Seven years ago I got this text from a strange number. My contact information wasn’t public, few people knew how to reach me or where I lived. A friend of my ex-husband had sent this text thru a website that wouldn’t give my number, but would let people text me. 

I had just pulled into the Cort furniture parking lot and decided to call the guy who texted me before I went inside. Sitting in my car I heard words that weren’t surprising. My ex had committed suicide. A range of emotions rushed thru me. Disbelief, anger, sadness, and relief. 

Yes, you read the correctly… Relief.

My ex was addicted to pain meds. He had emotional issues he numbed with those pills. Those emotional issues and addiction left untreated are why I left him.

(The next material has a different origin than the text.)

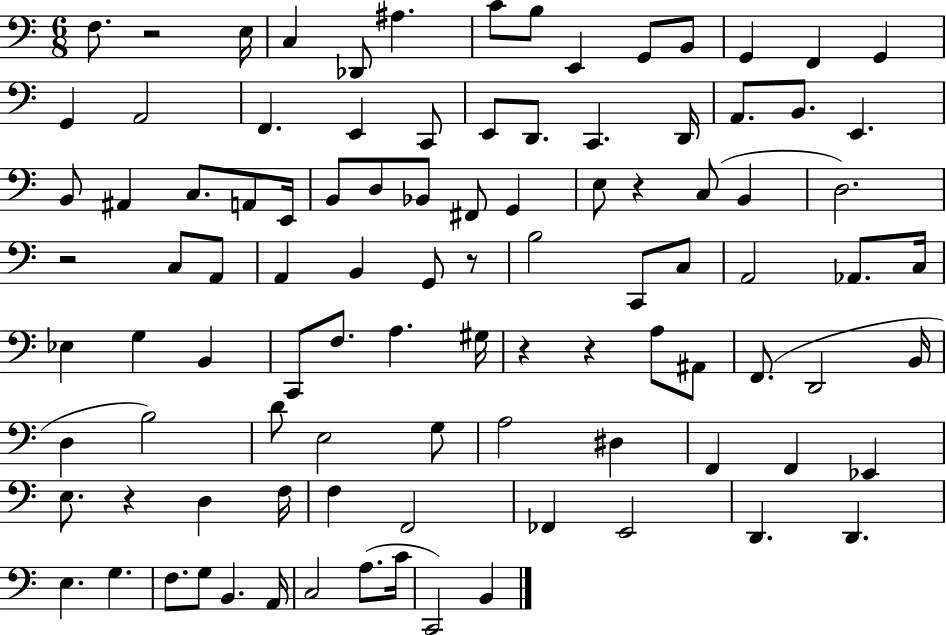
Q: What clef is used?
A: bass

Those issues meant that when I did leave him he went crazy. Stalking, threats, and other disturbing behavior. Knowing that I would no longer need to hide was a relief.

The other side of that relief was a deep grief. The kind that feels like it’s ripping your soul into pieces and then burning it. Wondering if I could have done anything to prevent this while knowing I could never fix him.

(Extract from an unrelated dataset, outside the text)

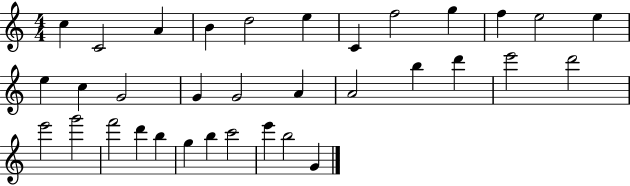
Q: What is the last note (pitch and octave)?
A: G4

This talented man never dealt with the demons that lived in his soul. He took pills to function, but those pills ultimately made it all worse.

Dave could build anything. He didn’t need a set of plans. Just tell him what you wanted built and he could figure it out. He loved gardening and plants. Everything he planted looked amazing.

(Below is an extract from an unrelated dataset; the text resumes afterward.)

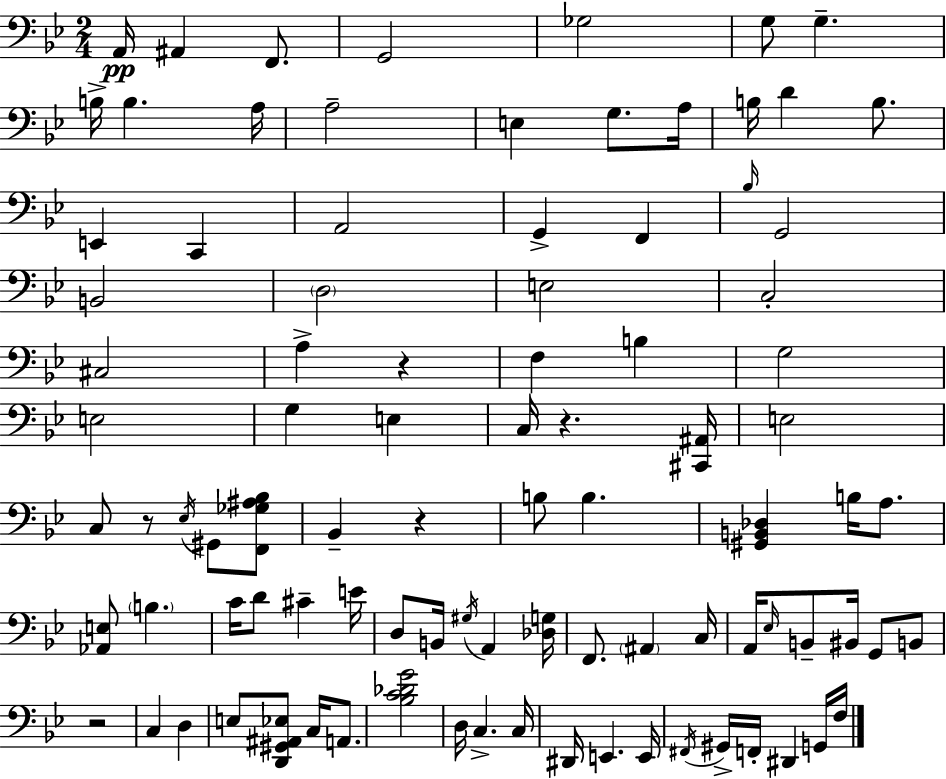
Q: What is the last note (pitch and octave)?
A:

By moments he was charming, and sweet, and the life of the party. At other moments there was no reasoning, he was paranoid, and his anger was terrifying to witness.

In 2007 I left him. After promises to get help were broken, after jobs were gone, after finding random pills hidden… I had enough. The following weeks were exhausting. Honestly, I don’t know how I would have survived without some incredible friends and family.

He went to counseling until he realized that a few sessions wouldn’t make me come back. Then he decided to just do whatever drug he could get.

Three years after I left him he was Baker acted and three days after that they let him out. Less than a day later he took his own life.

The details are sketchy. I don’t know if anyone actually knows what really happened. 

What I do know is that this story is one that is told frequently. It’s lived frequently. Mental illness and emotional issues carry a stigma that keeps many people from seeking help. There are other reasons they don’t get help as well, but it seems many don’t want that label that mental illness carries.

Ultimately, many choose to end it all rather than deal with the demons and darkness inside.

This post isn’t to make you sad. 

This post is to help erase the stigma. It’s to help those going through this with someone they love… You are not alone. It’s in hope that someone struggling with similar demons reads it and fights those demons. It’s to let everyone know they are loved and that even when you don’t realize it you will be missed.

It’s to heal the parts of my soul that will always ache around this time of year when the memory of this rises to the surface. The scar remains even when the wound heals. 

To Dave, wherever your soul is, I hope you’ve found the peace you never could on this earth. 

Much love friends. If you find you’re in a dark place, please know you are loved and you can reach out to me any time.